This ruling will do the exact opposite at best. Again, the point of federal agencies is to take on the burden of understanding and regulating specific domains. That way congress can work on the broad strokes and leave the details to expert they can consult.
> A return to the Constitutional prescription that Congress writes the laws, the Executive administers them, and the Courts interpret them certainly does not seem inappropriate
That is not what this ruling does. This ruling is a decision by the courts that policy is decided by the courts. Even though congress delegates to executive agencies for that exact purpose.
Literally the first test of the Chevron doctrine is "does the law already cover this specific issue". The second test is "is the agency allowed to interpret or regulate this issue under its statutes".
If the first is a yes, then the agency has no grounds to go against congress. If the second is a no, then the agency does not have standing. Otherwise, the courts defer to the agency as the agent of congress on the matter.

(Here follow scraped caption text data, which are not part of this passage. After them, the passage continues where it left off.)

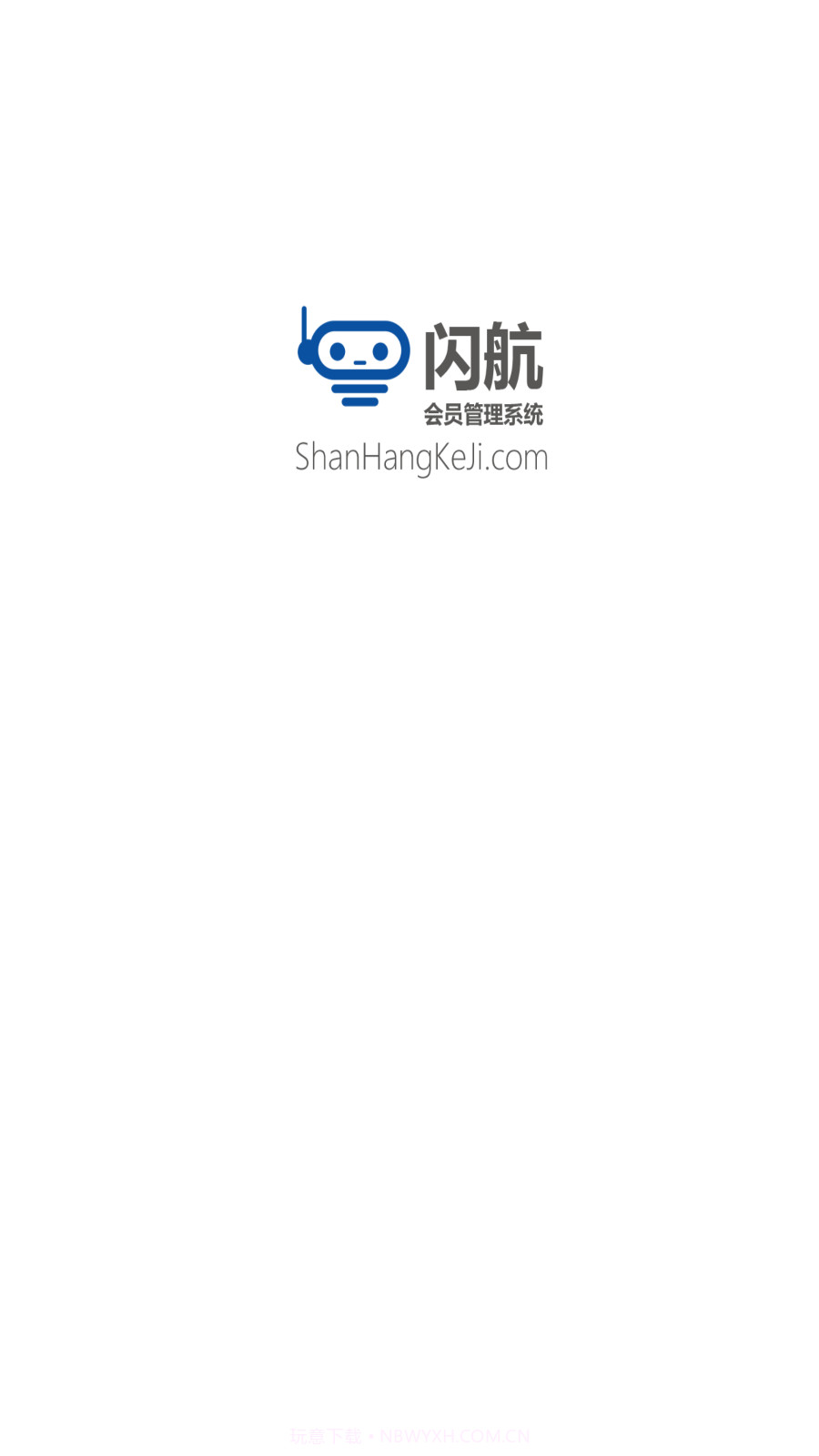 闪航会员管理系统截图4 闪航会员管理系统截图4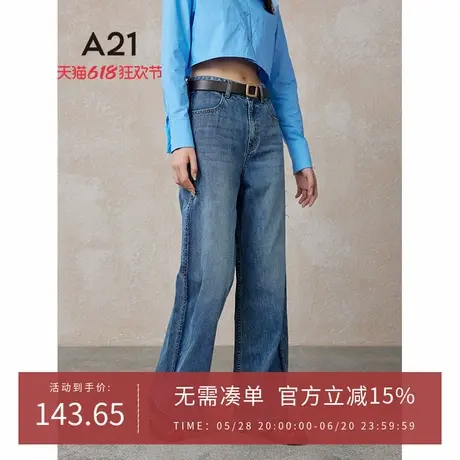 A21女装宽松高腰毛边牛仔裤2024春季新品复古长裤百搭直筒阔腿裤商品大图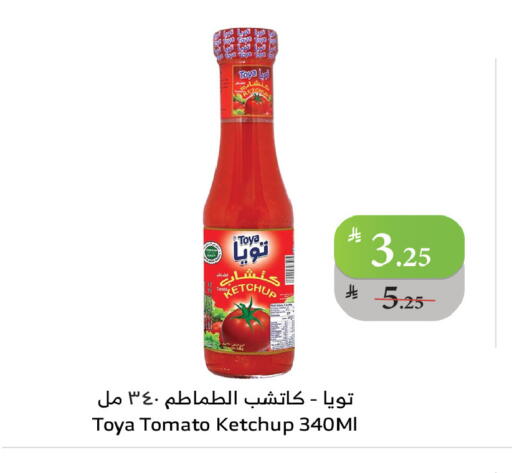 Tomato available at Al Raya in KSA, Saudi Arabia, Saudi - Yanbu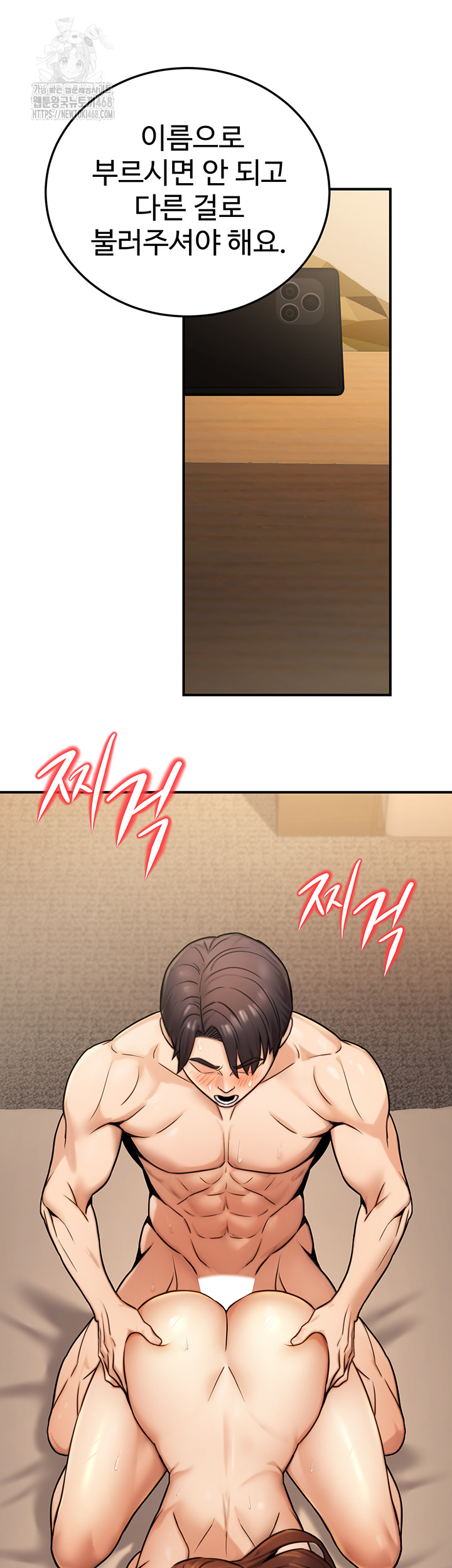 The Public Servant’s Double Life Raw Chapter 25 - Page 17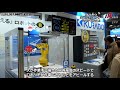 2019国際ロボット展　クラボウ の動画、YouTube動画。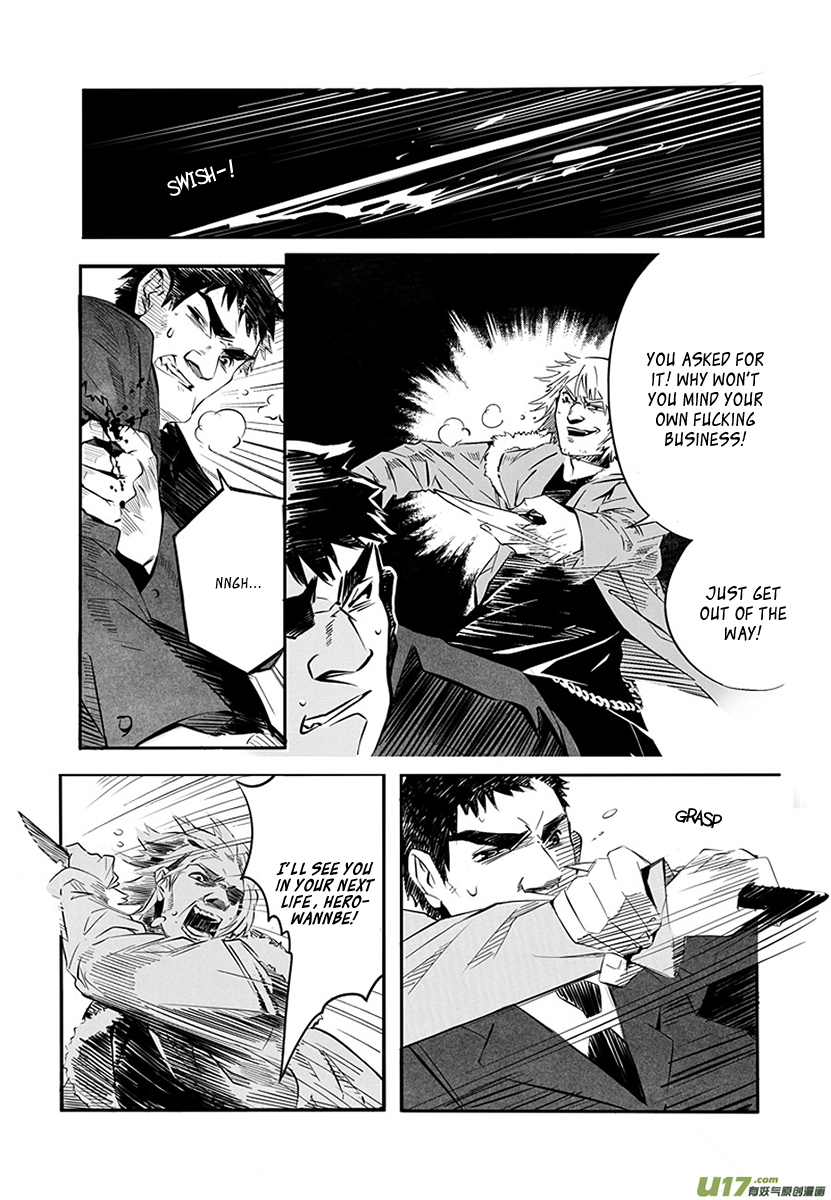 Hero (YOU Ling) Chapter 1.2 page 33 - Chapter 1 v2 : Sheath 1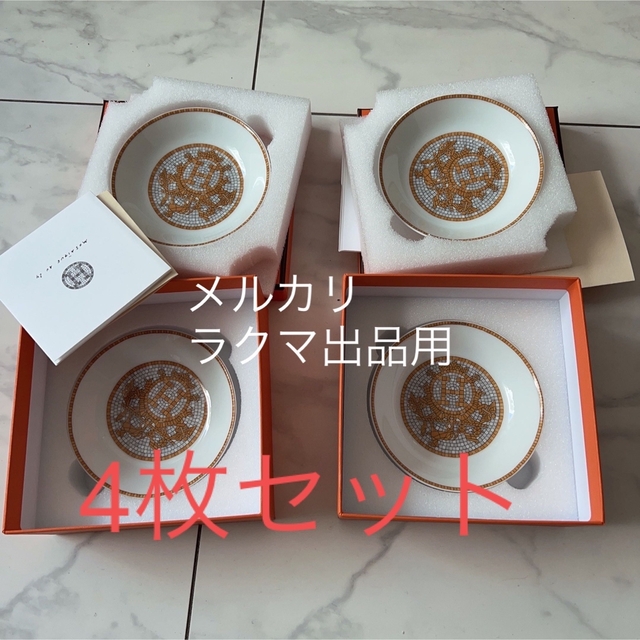 新品未使用】エルメスHERMES モザイク24 ゴールド醤油皿 小皿 4枚-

> If it's a bandwidth issue, maybe we should up the number of judiciary and lower the number of extra-judicial agency bureaucrats.
That does not follow, makes absolutely no sense, and would in fact do the exact opposite. Because under the completely wacky idea that agencies have no rulemaking or regulatory powers they would have to be staffed by 90% lawyers as they would have to bring everything to court.
Again, against the express purpose of their establishment and statutes.